(photo credit: Associated Press)
The Supreme Court on Thursday heard the arguments of a human rights group in a case that could determine the fates of scores of Palestinian children who, the group maintains, should be granted permanent residency in Israel.
RELATED:Challenging the NGO mythology
In 2008, the Jerusalem-based human rights organization Hamoked – Center for the Defense of the Individual petitioned against the Interior Ministry after the latter rejected an application for permanent residency from Basa’a Srur, a Palestinian who was born in Jerusalem, who has lived there permanently since 2002 and whose mother is a permanent resident of Israel.
The Jerusalem District Court, sitting as the Court for Administrative Matters, accepted Hamoked’s petition and ordered the ministry to grant Srur permanent residency status. The state appealed the decision to the Supreme Court.
The outcome of the appeal will determine the fate of Palestinians aged 12 to 14 who were born out of marriages between mixed Israeli- Palestinian couples and who wish to live with their Israeli parents in the country.

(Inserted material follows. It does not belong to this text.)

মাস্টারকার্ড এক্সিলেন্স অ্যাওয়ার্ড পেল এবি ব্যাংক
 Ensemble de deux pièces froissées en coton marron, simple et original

Thursday’s hearing was held before Supreme Court Justices Elyakim Rubinstein, Neal Hendel and Uzi Fogelman. Since the state was not present due to the government prosecutors’ strike, the court granted it seven days from the end of the strike to respond to Hamoked’s arguments. The court is due to hand down its ruling soon afterward, without holding another hearing.

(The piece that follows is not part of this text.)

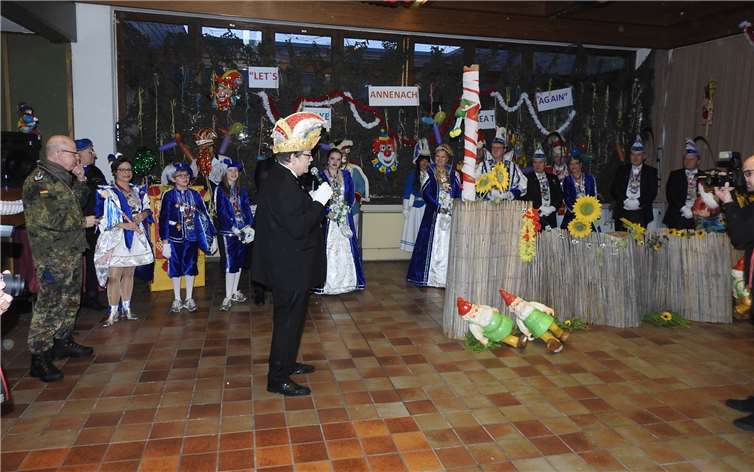 Das närrische Tollitätenpaar mit Hofstaat begrüßte die „Entmachteten“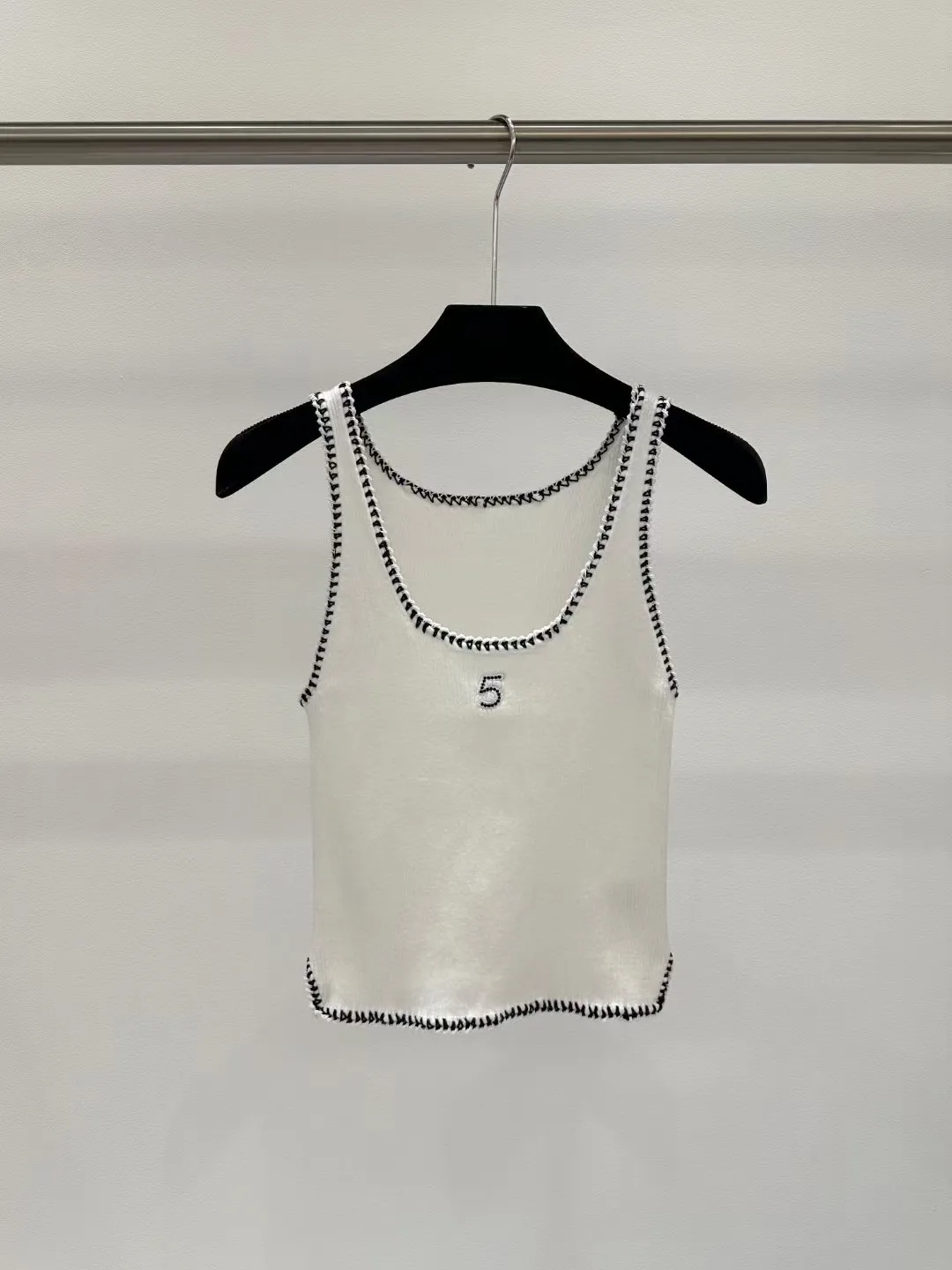 Knitted Sleeveless Vest for Women, High-end Custom, with Colored Rope, Braided, Edge, 2024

Srur was born in Jerusalem on September 30, 1991. Shortly afterward, the family moved to the West Bank. In 1993, they went to Jordan, returning to the West Bank in 1997. In 2002, the family moved back to Jerusalem and has lived there ever since.

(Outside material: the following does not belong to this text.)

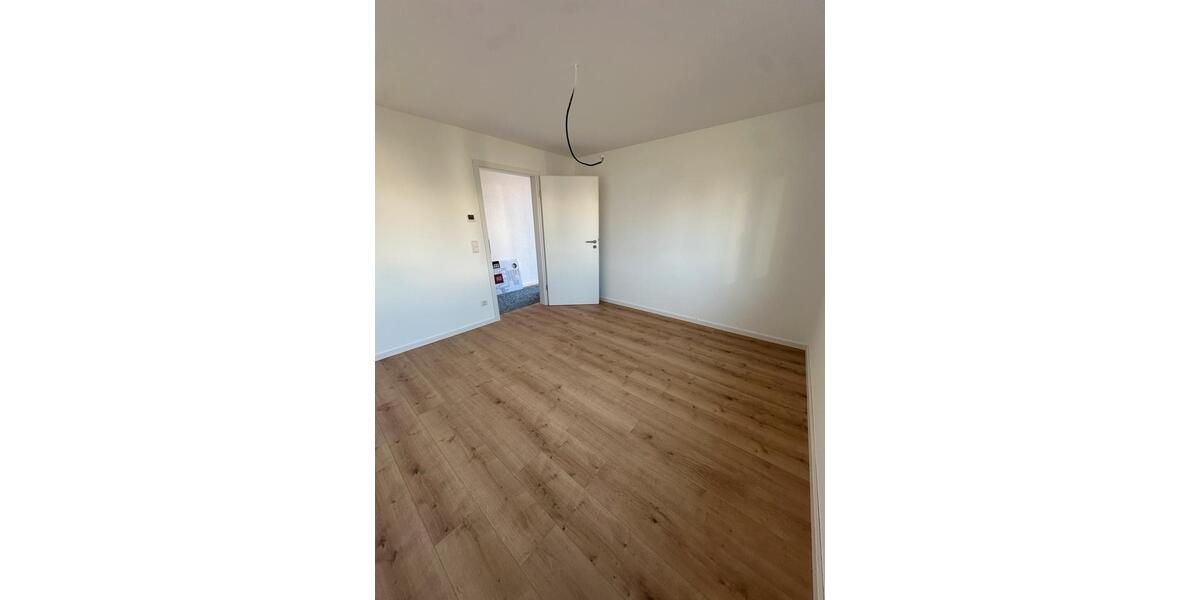 Erdgeschoßwohnung Rottenburg am Neckar - 3 Zimmer, 70 m&sup2;, 930&euro; | Angebot:25903846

When Srur was 12 years and three months old, he applied for residential status in Israel. At the same time, however, the minister of interior, on his own initiative, added an additional condition to the process of granting residential status to children up to the age of 14: They would be granted temporary residence status for two years, and only after that could they become permanent residents.
Srur was 14 years and three months old when the two-year “trial” period ended. When he returned to the ministry to ask for permanent residency status, he was refused on the grounds that he was more than 14 years old and therefore the family reunification law regarding children no longer applied to him.
At that point, Hamoked petitioned the district court against the Interior Ministry’s refusal. It argued that in accordance with the law, the ministry should have granted Srur permanent residency when he applied for it the first time. Regarding the two-year “trial” period, Hamoked wrote that “the [state’s] decision to grant children... temporary status initially and upgrade it later to permanent status is a decision that originates in an unacceptable internal procedure... which is not mentioned in the law.”
Hamoked also offered an alternative argument. Srur had been born in
Jerusalem and spent only five years in the West Bank, said Hamoked. The
center of his life had been in Israel for many years before he applied
for permanent residency status. For these and other reasons, the family
reunification law should not apply to him. Instead, the Interior
Ministry should have applied Regulation 12 of the Entry into Israel Law
regulations, the purpose of which was to prevent a discrepancy between
the status of a parent who holds permanent residency, and the parent’s
child whose birth in Israel did not of itself grant him or her legal
status in the country. These conditions fit Srur’s case, Hamoked
On June 8, 2009, Judge Yehudit Tzur accepted the petitioner’s arguments
and ordered the Interior Ministry to grant Srur permanent status. The
state appealed the ruling to the Supreme Court.